Many fast-food restaurant chains use discount promotions to reel in consumers still stinging from the recession. Yoshinoya America Inc. – a Japanese bowl fast-food concept with 1,759 locations in California, Las Vegas and around the world – has taken the opposite approach. Instead, it touts the use of fresh ingredients and its commitment to authentic Japanese meals to bring its customers back.
According to Executive Vice President Manuel Villareal, Yoshinoya America Inc. doesn’t have to produce anything new to get this message out.

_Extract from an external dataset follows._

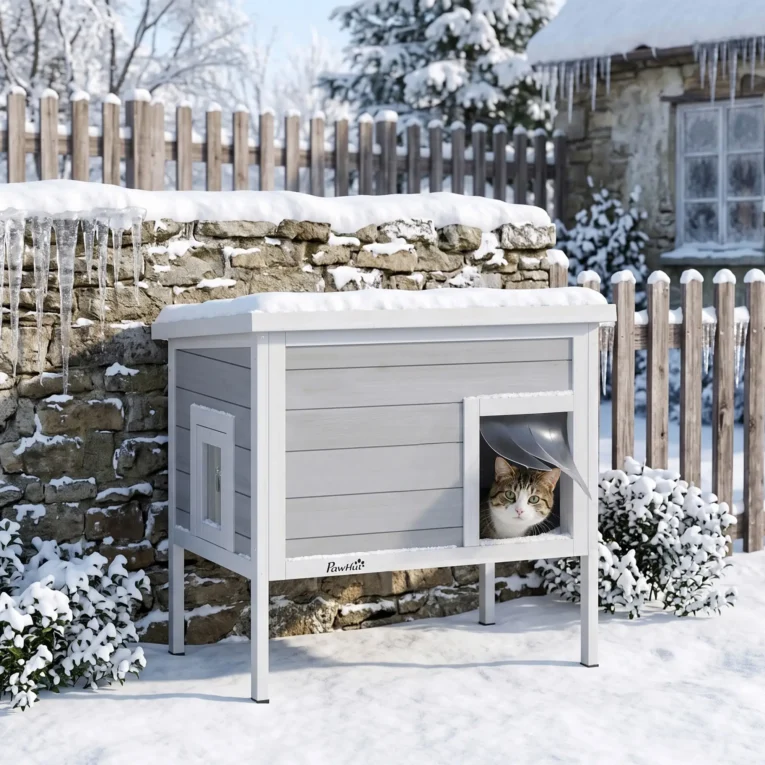Insulated Wooden Cat Shelter with Escape Door – Grey, 68cm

All it takes, he says, is focusing on what Yoshinoya has done all along since the concept first landed in Los Angeles in 1979.
“We want to tell customers about what Yoshinoya is, what we do and how we do it,” Villareal says. “We developed the tagline ‘tastes better because it’s cooked fresh.’ We’re always cooking and we don’t have a process where our food sits for an entire day, but we never told our customers that in the past.
“We also never told customers, ‘Our bowls are better than theirs,’” Villareal adds. “Instead, we tell the customers that Yoshinoya is the first company that brought a meal in a rice bowl to America. Our approach now is to tell customers about the good things we do here.”
With a history that dates back to the 19th century, there is plenty of backstory to share with customers. The first Yoshinoya restaurant opened in 1899 in Tokyo, where it introduced its signature beef bowl before expanding with more quick-service restaurants.
Today, the company’s menu is based on the fresh ingredients featured in its Beef Bowl®, Chicken Bowl, Combo Bowl and varieties of other Japanese favorites. Yoshinoya says it serves 700,000 bowls every day around the world.
It may have taken the first quarter of 2012 for customers to latch onto the new marketing strategy, but Villareal says Yoshinoya consumers have come back with a vengeance now that the company focuses on its branding instead of discount promotions. Yoshinoya also launched an expanded menu that includes healthful choices and spread the word through an aggressive advertising campaign on television and radio outlets.
“The expectation was by July, we would be back with couponing,” he says. “Instead, I did nothing. In the beginning, it was kind of tough, but right after that, we’ve seen a little more loyalty from the people coming in.”
Simple, Sweeping Changes
Along with focusing its marketing message on authenticity and freshness, Yoshinoya has made small yet important changes throughout its menu with the help of its first corporate chef. After taking over the R&D department in early 2012, Villareal hired Roy Alamillo to help revamp Yoshinoya’s menu.
Alamillo has not made widespread monumental changes to Yoshinoya’s offerings. Instead, Alamillo has focused on small tweaks of existing items that improve the taste or presentation of already popular dishes. For instance, with Yoshinoya’s gyozas – Japanese-style dumplings – Alamillo recommended adding a simple sauce to this order, and Villareal says it worked perfectly.
“Sometimes, a little change doesn’t make a lot of difference, but sometimes it does,” Villareal says. “Whether it’s how we cook a product or the combination of sauces, every time we have changes, it has worked.”
In May, the company launched a new concept – Asiana Grill Yoshinoya® – which is a create-your-own menu restaurant. The first location opened in Fullerton, Calif., and its second one in Los Angles in August, and the concept should be available for franchising soon.
Villareal says Asiana Grill Yoshinoya® is meant to cater to customers who prefer to customize their meals. This makes the customer the “boss,” he says, and they have trained chefs able to deliver exactly what the boss wants. These units will be larger than the original Yoshinoya locations – 2,400 square feet vs. the typical 1,900.
“Yoshinoya is very good with its rice bowl menus, and even though we do a lot of customization, it isn’t completely customized,” he says. “Asiana Grill Yoshinoya® [is where] the customer can do whatever they want. They can create their own meal however they want it with different ingredients, just the way they like it.”